Wreaths arrive for ceremonies on Saturday

Fallen veterans to be honored at local gravesites

Judy Tordini, top, helps unload a bundle of six wreaths from a truck that arrived Wednesday afternoon at the Church of Latter-Day Saints parking lot on Monroe Road in Port Angeles. From left to right, Gwen Oden, Erin Rousos and Jim Bower were among a host of volunteers who helped receive 2,411 wreaths for local cemeteries. The wreaths from Maine will be distributed in Saturday ceremonies. (Dave Logan/for Peninsula Daily News)

Judy Tordini, top, helps unload a bundle of six wreaths from a truck that arrived Wednesday afternoon at the Church of Latter-Day Saints parking lot on Monroe Road in Port Angeles. From left to right, Gwen Oden, Erin Rousos and Jim Bower were among a host of volunteers who helped receive 2,411 wreaths for local cemeteries. The wreaths from Maine will be distributed in Saturday ceremonies. (Dave Logan/for Peninsula Daily News)

PORT ANGELES — Some 2,400 wreaths arrived in Port Angeles on Wednesday from Maine for wreath-laying ceremonies on Saturday as part of the National Wreaths Across America Day, while a separate ceremony is planned that day in Fort Worden.

The 22-inch live balsam wreaths from Maine were escorted through Sequim and into Port Angeles from the Jamestown Tribal Center in Blyn by the Clallam County Sheriff’s Office and Security Services Northwest, said Judy Tordini, regent for Michael Trebert Daughters of American Revolution (DAR) and Clallam County Wreaths Across America location coordinator.

Community members are invited to public wreath-laying ceremonies of 2,411 veterans’ wreaths at 14 locations from Gardiner Community Cemetery to Forks Cemetery.

Also on Saturday, the Admiralty Inlet Chapter of the DAR will lay wreaths at the Fort Worden Military Cemetery in Port Townsend at about 10 a.m., said Susan Taylor, regent of the chapter.

They will place wreaths for each of the major military branches as well as the Merchant Marines and POW/MIA at the flagpole at the cemetery in Fort Worden, she said, adding that the Port Townsend ceremony is not part of the one hosted by the DAR chapter in Clallam County.

Their wreaths also have come from Maine, Taylor said.

The 11 a.m. Saturday ceremony at Mount Angeles Memorial Park Cemetery, an official Wreaths Across America location, will include the Dungeness Composite Civil Air Patrol presenting flags, eight ceremonial service branch wreaths being placed by veterans themselves for each branch of the military plus POW/MIA, representation from Junior American Eagle youths, a rider-less horse salute, playing of taps and bagpipe music.

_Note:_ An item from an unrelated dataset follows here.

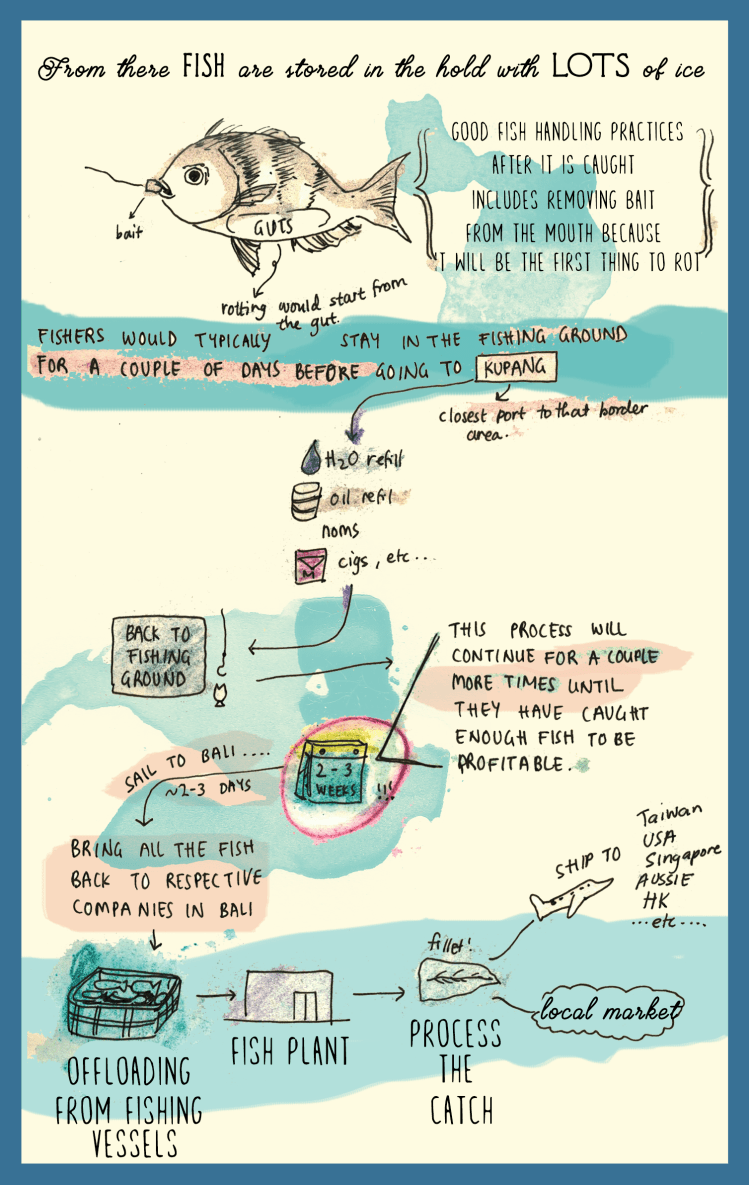 Indonesian fishery infographic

After a remembrance wreath is placed by the public, the veteran’s name will be said out loud and thanked for their service.

“Wreaths Across America reminds the public that a person dies twice, once when they take their last breath, and second when their name is spoken for the last time,” according to a press release.

Along with the Port Angeles event, a second public ceremony is set for Forks Cemetery at 2 p.m. Saturday.

Also set are wreath-laying events at: Blue Mountain Cemetery in Port Angeles at 9 a.m., Dungeness Cemetery in Sequim at 11 a.m., Gardiner Community Cemetery in Gardiner at 1 p.m. and Sequim View Cemetery in Sequim, also at 1 p.m.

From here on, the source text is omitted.